To comment, or not to comment ·

17 February 2018

To comment, or not to comment

When working in professional Java projects or looking through open source projects, we can come across several styles of commenting code and various opinions on how it should be done. Some people like to insert pseudocode-like comments everywhere they can, others claim that commenting should be avoided at all costs as it’s a sign of poor design. Let’s have a look at what tools does Java give us when it comes to commenting code and then let me share with you my opinion on when and how to use them.

How to comment

The official Java Comment Conventions can be found at Oracle’s website. The document is quite old, but still valid. If you want to find more details on anything I write about in this section, see that link. This section is basically a summary of that document, all quotes come from there.

Java gives us two kinds of comments: implementation and documentation comments.

Implementation comments are meant for commenting out code or for comments about the particular implementation. Doc comments are meant to describe the specification of the code, from an implementation-free perspective, to be read by developers who might not necessarily have the source code at hand.

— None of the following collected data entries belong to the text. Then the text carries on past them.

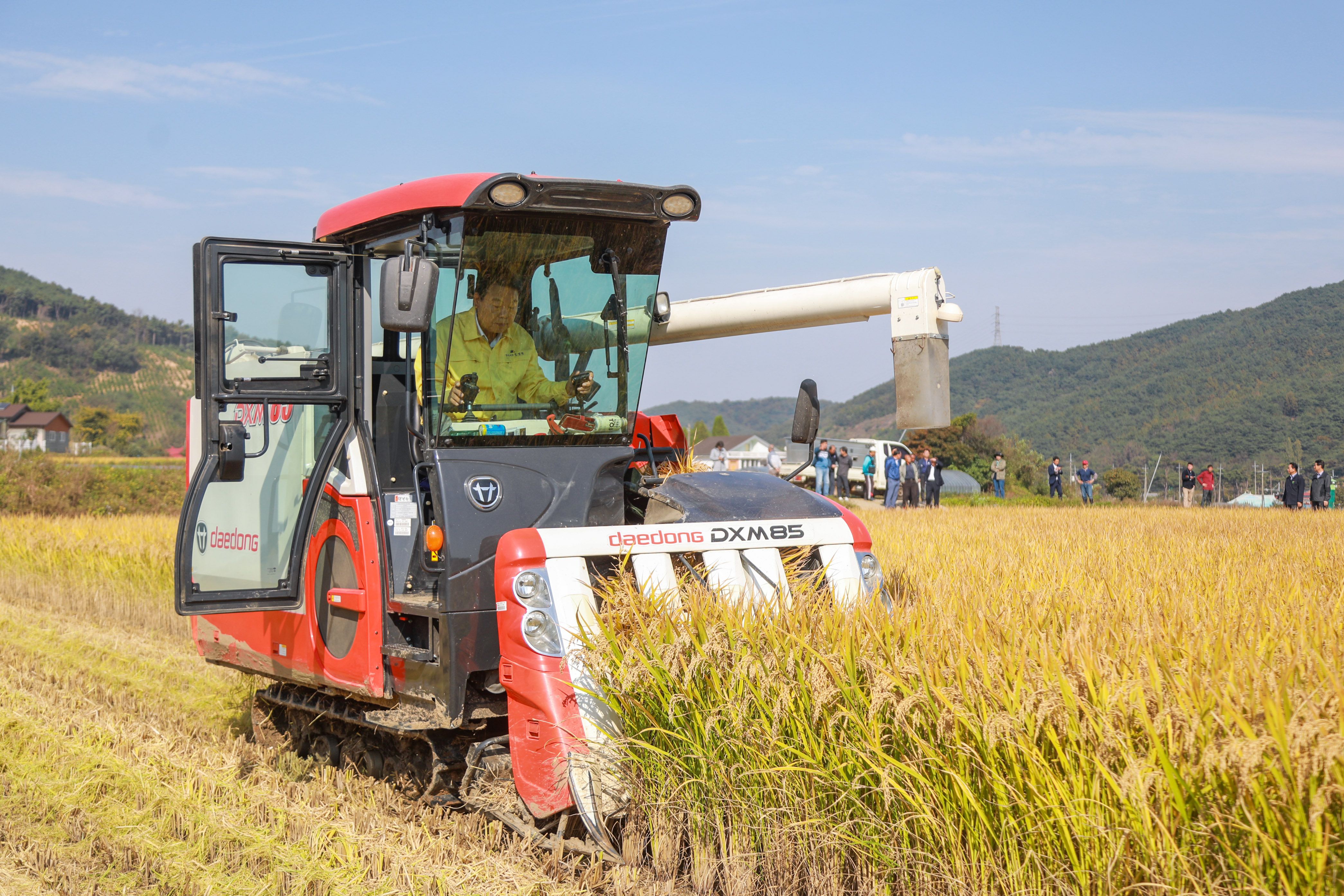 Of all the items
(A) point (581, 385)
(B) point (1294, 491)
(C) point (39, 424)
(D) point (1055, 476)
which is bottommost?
(B) point (1294, 491)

In other words, documentation comments are what we commonly know as Javadoc. Let’s have a look at what particular types of comments does the official documentation describe.

Block comments

Block comments are used to provide descriptions of files, methods, data structures and algorithms. Block comments may be used at the beginning of each file and before each method. They can also be used in other places, such as within methods.

/*
 * This is a block comment
 */

Single-line comments

Short comments can appear on a single line indented to the level of the code that follows. If a comment can’t be written in a single line, it should follow the block comment format

/* This is a single line comment */
System.out.println("Hello, World!");

Trailing comments

Very short comments can appear on the same line as the code they describe, but should be shifted far enough to separate them from the statements. If more than one short comment appears in a chunk of code, they should all be indented to the same tab setting.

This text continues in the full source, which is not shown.